What No One Wants

12/02/2020

I’ve never met a teacher who really loved marking homework. I’ve never met a teacher whose enthusiasm for homework spilled out into their teaching to extent that their students believed that they were collecting it in with barely-contained excitement at the prospect of carting their jotters home with them and whipping out their red pens. Unless they were worthy of an Oscar. This is, perhaps, especially true of teachers of Science and Maths. I readily concede that, in one sense we have it easy. Students either get the answers to the questions we set as homework right or wrong and corrections need only be be perfunctory. On the other hand we are unlikely to perceive any pleasing insights into our students’ psyches or smile a wry smile at an unexpected bon môt or unintended double-entendre. Often marking homework - let’s be honest - is a grind.

Which would be fine if we were wholly convinced that homework made a huge contribution to pupil attainment, learning and enjoyment of our subject. I’m aware I’m using the first person plural there. Maybe I should stop. Maybe I should say that I am not wholly convinced - at least not in the subject I teach and in the way we have traditionally set and enforced homework. Too often, over the years I have taught, I have found myself writing “See Mary’s* jotter for feedback” because Mary’s answers are repeated verbatim in Sally’s jotter, Kelly’s jotter and Claire’s jotter. Too often I have spent too much of my limited free time chasing up students who have not done the homework and, sometimes, invigilating their detentions while they complete it. Too often that homework marking grind has involved poring over work that has been thrown together on the bus on the morning it has been handed in.

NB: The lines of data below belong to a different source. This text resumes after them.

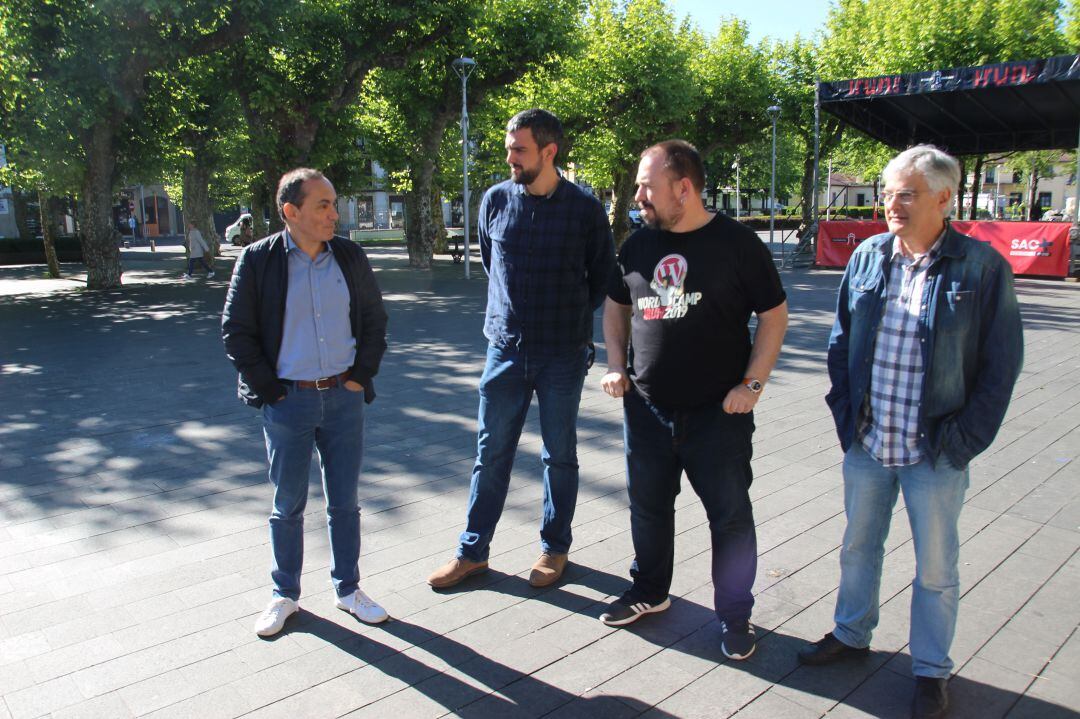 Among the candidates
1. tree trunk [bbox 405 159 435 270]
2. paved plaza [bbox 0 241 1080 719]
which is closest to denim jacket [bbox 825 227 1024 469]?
paved plaza [bbox 0 241 1080 719]

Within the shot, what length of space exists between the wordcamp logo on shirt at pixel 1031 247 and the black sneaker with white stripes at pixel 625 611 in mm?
17601

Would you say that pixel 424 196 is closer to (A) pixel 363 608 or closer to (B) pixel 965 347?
(A) pixel 363 608

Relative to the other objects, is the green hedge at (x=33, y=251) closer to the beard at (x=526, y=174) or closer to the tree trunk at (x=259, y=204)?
the tree trunk at (x=259, y=204)

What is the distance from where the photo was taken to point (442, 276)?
2091cm

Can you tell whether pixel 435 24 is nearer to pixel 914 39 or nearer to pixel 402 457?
pixel 914 39

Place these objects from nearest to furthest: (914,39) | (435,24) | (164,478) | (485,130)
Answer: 1. (164,478)
2. (435,24)
3. (914,39)
4. (485,130)

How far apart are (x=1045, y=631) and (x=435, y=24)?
18397 millimetres

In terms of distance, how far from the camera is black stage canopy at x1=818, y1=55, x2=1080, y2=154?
54.5ft

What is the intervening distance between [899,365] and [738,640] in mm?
1157

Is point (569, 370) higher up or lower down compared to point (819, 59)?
lower down

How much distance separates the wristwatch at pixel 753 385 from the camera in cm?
286

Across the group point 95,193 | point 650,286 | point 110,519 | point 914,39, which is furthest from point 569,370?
point 914,39

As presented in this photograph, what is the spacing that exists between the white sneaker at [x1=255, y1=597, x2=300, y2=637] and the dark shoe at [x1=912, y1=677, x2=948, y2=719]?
2.31m

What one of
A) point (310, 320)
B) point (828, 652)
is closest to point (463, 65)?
point (310, 320) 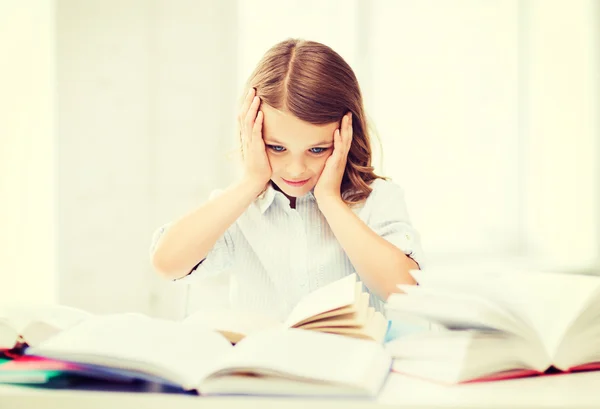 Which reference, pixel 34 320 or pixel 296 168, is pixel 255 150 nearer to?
pixel 296 168

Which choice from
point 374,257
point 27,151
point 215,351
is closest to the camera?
point 215,351

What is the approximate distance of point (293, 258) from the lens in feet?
4.24

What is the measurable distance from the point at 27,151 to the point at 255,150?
1.32 m

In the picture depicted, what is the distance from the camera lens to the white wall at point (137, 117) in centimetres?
236

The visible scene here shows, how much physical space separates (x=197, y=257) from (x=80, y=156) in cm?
140

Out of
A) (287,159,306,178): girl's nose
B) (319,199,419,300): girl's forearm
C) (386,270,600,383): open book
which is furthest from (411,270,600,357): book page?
(287,159,306,178): girl's nose

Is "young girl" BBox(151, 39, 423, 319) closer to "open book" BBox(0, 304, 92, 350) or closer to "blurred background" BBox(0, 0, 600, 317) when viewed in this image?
"open book" BBox(0, 304, 92, 350)

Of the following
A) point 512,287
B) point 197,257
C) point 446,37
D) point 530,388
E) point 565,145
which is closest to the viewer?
point 530,388

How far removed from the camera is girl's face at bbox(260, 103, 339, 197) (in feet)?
3.67

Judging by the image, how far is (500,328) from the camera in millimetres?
544

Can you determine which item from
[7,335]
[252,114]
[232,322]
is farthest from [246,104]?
[7,335]

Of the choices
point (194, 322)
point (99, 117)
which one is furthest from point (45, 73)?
point (194, 322)

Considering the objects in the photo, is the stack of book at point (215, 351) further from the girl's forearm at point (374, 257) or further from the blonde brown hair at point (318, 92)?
the blonde brown hair at point (318, 92)

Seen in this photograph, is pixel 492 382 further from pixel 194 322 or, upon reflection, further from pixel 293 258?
pixel 293 258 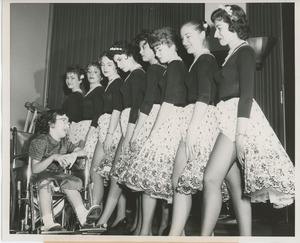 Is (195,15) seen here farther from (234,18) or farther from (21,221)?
(21,221)

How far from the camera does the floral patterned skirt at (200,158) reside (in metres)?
1.85

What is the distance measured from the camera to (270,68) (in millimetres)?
2107

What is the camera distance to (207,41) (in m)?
2.00

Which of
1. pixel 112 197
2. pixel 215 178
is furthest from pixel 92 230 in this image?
pixel 215 178

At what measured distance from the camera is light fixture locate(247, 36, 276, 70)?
202 cm

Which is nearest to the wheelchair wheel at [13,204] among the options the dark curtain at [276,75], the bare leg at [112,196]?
the bare leg at [112,196]

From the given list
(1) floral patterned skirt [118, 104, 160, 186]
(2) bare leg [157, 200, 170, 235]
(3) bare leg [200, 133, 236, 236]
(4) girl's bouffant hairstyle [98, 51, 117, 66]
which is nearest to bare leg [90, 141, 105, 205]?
(1) floral patterned skirt [118, 104, 160, 186]

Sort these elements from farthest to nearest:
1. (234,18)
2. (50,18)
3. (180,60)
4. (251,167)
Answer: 1. (50,18)
2. (180,60)
3. (234,18)
4. (251,167)

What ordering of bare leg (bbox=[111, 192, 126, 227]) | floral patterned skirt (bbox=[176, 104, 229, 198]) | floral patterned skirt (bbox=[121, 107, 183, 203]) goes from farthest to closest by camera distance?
1. bare leg (bbox=[111, 192, 126, 227])
2. floral patterned skirt (bbox=[121, 107, 183, 203])
3. floral patterned skirt (bbox=[176, 104, 229, 198])

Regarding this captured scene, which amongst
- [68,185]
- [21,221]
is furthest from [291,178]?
[21,221]

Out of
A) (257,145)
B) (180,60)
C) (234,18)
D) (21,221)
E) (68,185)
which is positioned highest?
(234,18)

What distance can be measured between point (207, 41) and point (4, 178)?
1119 millimetres

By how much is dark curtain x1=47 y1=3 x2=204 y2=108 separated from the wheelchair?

Don’t get me wrong here - I was no more virtuous when I was a school pupil than those I teach today. I frequently handed in homework late and sometimes not at all but - and here’s the big difference - I was never punished for it. Or, at least, I don’t recall being punished. I was simply reminded that in failing to hand in my homework I was damaging my own prospects. I didn’t go to a trendy 1970’s “Hey, man, you do what you want to do” hippy-type school. I went to a direct-grant private school having passed the old Eleven-Plus (the “Qually” in Scotland - ask an old person.)

So here’s my thesis: no school pupil wants to do homework, any more than we really want to mark it. The result is that they will either leave it to the last minute to do it, so it will not be representative of their best considered work, or they will not hand it in on time and scribble something down in any grace period we give them which will be even less representative of their best considered work. So how about we make it ‘voluntary’? I’ve put that word in inverted commas because there is another group of people we have to take on board here - the parents. If we set work that should be done at home then we have to more closely involve those who exercise authority at home.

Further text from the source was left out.